■ Exercise prompt:
Pictures aside, reproduce exactly and only the lines from the one containing "студию вокального пения🎙️" through the end of the records.

[Caption-style text data]
──────────────────────────────

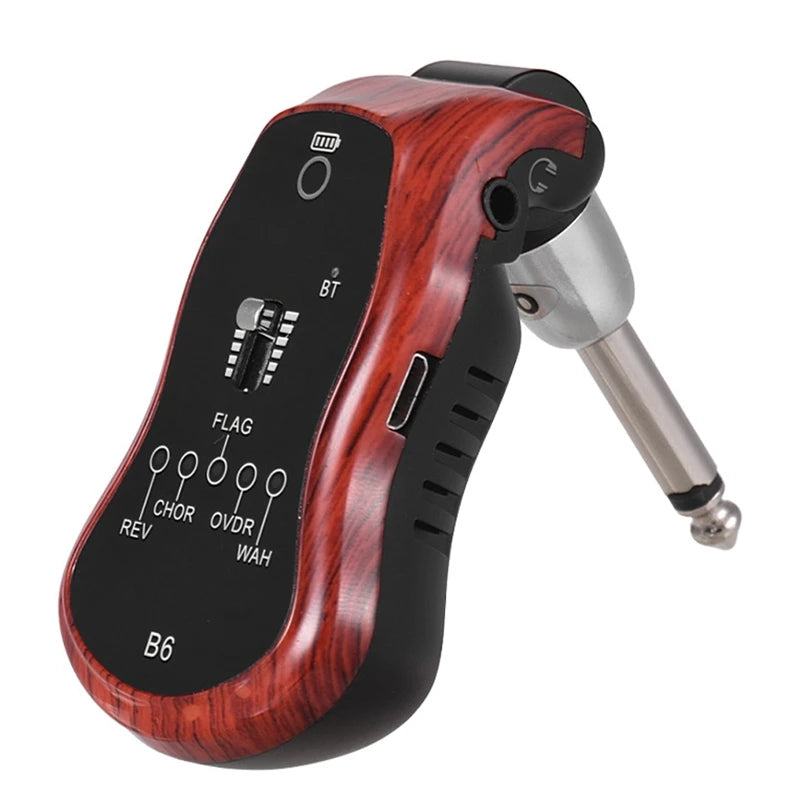 Mini Amplificador B6 Effector Bluetooth Recarregável para Guitarra Elétrica - Mini amplificador para estudo e Sintetizador com 5 Efeitos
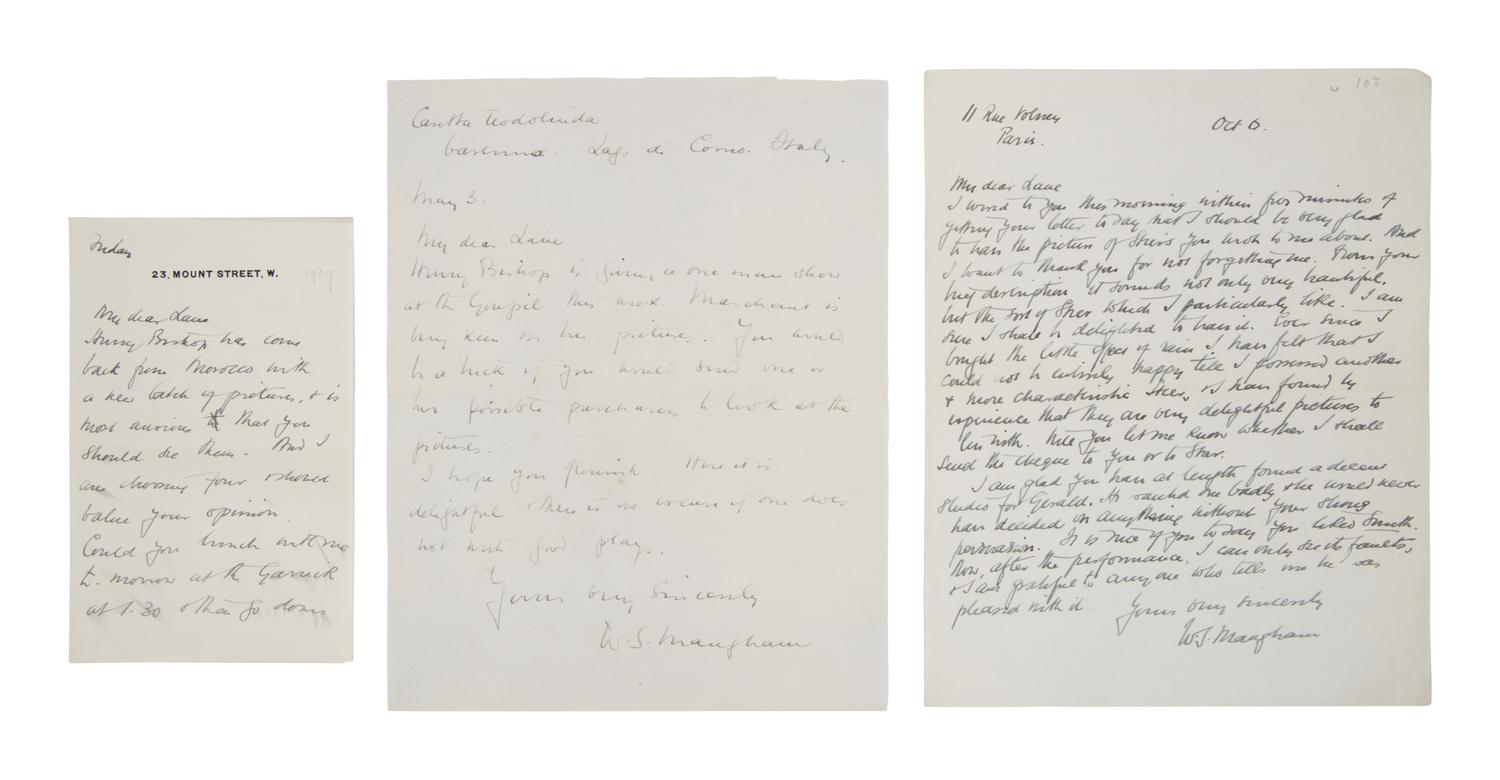 Maugham, W. Somerset (1874-1965). A group of 3 autograph letters signed, to art dealer Sir Hugh Lane, comprising:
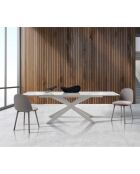 Table À Rallonge Melvin 160 Total White blanc marbré - 74.5x90x160/240 cm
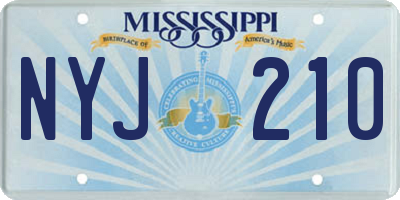 MS license plate NYJ210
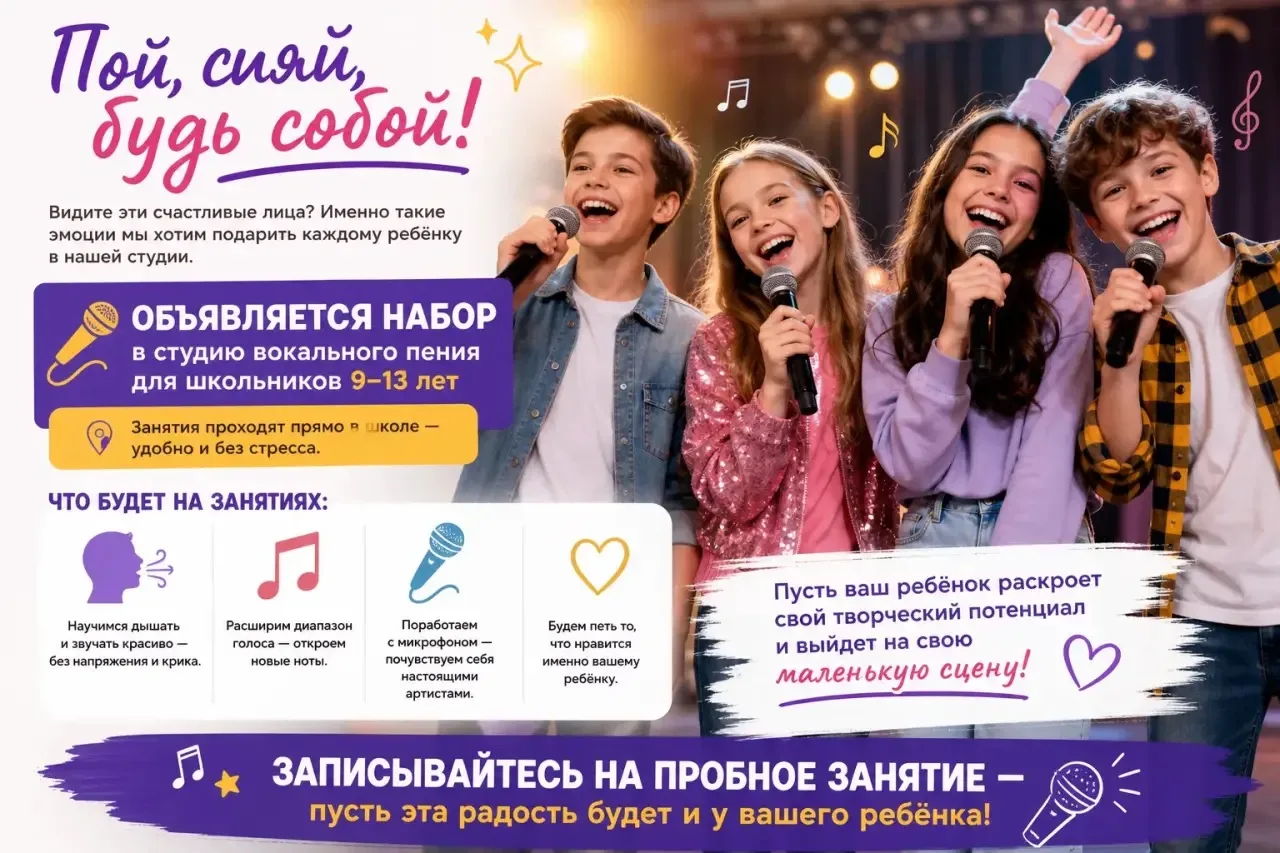 🎙️ Объявляется набор в студию вокального пения🎙️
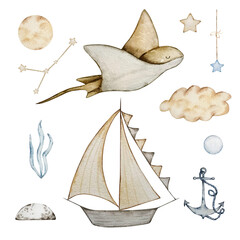 Watercolor Stingray and Boat set, dreamy design for decorating banners, invitations and cards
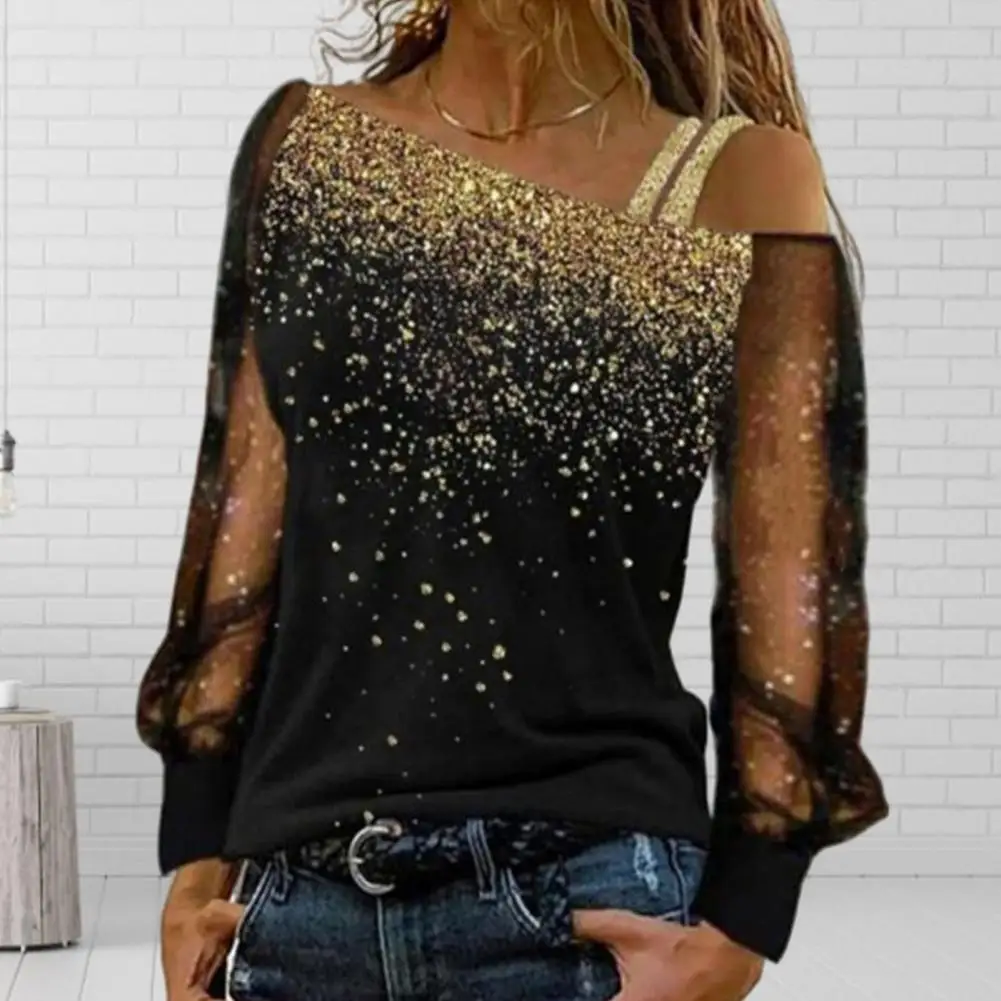 

Women Spring Fall Top Shiny Sequin One Shoulder Oblique Neck Pullover Top See-through Mesh Long Sleeve Casual Blouse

──────────────────────────────

■ Result for this exercise:
 🎙️ Объявляется набор в студию вокального пения🎙️
 Watercolor Stingray and Boat set, dreamy design for decorating banners, invitations and cards

Women Spring Fall Top Shiny Sequin One Shoulder Oblique Neck Pullover Top See-through Mesh Long Sleeve Casual Blouse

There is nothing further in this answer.